What to work on>
Locate the line that contains "StarTech CAT6 Ethernet" in the entries below, then repeat it and every following line through the line that contains "Пальто теплое зимнее cop.copine 46 р пуховик", exactly, and no others.

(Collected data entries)
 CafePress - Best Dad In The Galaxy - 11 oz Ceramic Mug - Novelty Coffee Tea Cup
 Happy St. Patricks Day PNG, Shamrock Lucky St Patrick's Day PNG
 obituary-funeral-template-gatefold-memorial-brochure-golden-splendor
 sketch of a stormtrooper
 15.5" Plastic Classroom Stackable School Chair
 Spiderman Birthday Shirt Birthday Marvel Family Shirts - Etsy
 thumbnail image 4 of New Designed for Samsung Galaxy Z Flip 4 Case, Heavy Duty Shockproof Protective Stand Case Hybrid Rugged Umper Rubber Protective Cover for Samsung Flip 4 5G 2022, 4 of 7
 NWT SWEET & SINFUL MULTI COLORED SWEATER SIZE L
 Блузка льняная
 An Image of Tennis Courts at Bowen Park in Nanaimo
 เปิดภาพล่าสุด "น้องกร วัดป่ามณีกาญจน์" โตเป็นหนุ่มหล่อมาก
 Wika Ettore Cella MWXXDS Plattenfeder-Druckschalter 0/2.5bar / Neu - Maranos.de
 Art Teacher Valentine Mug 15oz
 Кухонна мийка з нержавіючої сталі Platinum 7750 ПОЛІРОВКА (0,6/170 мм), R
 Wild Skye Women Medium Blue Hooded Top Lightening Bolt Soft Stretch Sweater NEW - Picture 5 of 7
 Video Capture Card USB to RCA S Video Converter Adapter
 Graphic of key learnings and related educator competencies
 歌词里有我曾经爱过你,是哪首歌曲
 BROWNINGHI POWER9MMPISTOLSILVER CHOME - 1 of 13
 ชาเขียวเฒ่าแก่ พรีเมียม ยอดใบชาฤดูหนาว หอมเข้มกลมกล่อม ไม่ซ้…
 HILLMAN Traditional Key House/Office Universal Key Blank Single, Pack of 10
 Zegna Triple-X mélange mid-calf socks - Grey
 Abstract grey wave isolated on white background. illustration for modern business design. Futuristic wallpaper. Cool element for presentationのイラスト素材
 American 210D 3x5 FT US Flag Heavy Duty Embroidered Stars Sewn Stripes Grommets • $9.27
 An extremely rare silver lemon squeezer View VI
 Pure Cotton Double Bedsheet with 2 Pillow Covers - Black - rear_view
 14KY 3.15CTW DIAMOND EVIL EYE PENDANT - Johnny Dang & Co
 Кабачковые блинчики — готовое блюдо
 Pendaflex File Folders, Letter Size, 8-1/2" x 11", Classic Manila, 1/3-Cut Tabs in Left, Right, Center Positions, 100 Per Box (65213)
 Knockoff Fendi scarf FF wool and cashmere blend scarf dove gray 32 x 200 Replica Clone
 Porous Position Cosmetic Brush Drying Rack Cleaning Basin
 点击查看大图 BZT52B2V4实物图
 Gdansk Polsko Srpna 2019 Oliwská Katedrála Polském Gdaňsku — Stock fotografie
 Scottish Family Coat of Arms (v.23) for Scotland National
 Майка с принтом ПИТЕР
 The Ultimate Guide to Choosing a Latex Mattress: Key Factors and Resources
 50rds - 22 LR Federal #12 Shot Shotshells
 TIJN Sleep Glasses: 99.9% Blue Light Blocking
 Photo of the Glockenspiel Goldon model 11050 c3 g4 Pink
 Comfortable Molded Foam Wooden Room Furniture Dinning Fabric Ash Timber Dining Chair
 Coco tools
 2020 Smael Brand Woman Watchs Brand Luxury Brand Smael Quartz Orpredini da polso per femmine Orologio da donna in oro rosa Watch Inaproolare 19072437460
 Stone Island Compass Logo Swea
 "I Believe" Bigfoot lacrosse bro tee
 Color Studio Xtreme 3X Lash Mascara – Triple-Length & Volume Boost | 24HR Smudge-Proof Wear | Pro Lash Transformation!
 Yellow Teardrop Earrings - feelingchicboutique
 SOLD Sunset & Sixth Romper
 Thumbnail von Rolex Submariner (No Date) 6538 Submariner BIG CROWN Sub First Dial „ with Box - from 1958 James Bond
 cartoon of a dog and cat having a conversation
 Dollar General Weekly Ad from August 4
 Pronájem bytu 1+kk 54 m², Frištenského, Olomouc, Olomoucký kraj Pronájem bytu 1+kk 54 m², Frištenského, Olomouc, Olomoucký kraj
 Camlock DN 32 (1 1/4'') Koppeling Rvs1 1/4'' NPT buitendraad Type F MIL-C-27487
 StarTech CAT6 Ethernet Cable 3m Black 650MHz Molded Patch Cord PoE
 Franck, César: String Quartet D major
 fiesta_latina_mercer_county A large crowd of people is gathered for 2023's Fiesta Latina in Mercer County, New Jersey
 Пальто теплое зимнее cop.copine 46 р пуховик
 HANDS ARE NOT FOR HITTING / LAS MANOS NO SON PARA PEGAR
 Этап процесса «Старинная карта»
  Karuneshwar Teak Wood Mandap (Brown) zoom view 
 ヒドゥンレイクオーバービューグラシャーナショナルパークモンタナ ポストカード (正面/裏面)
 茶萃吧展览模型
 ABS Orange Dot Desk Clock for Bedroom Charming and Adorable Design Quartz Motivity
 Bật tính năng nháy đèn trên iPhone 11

Task output>
 StarTech CAT6 Ethernet Cable 3m Black 650MHz Molded Patch Cord PoE
 Franck, César: String Quartet D major
 fiesta_latina_mercer_county A large crowd of people is gathered for 2023's Fiesta Latina in Mercer County, New Jersey
 Пальто теплое зимнее cop.copine 46 р пуховик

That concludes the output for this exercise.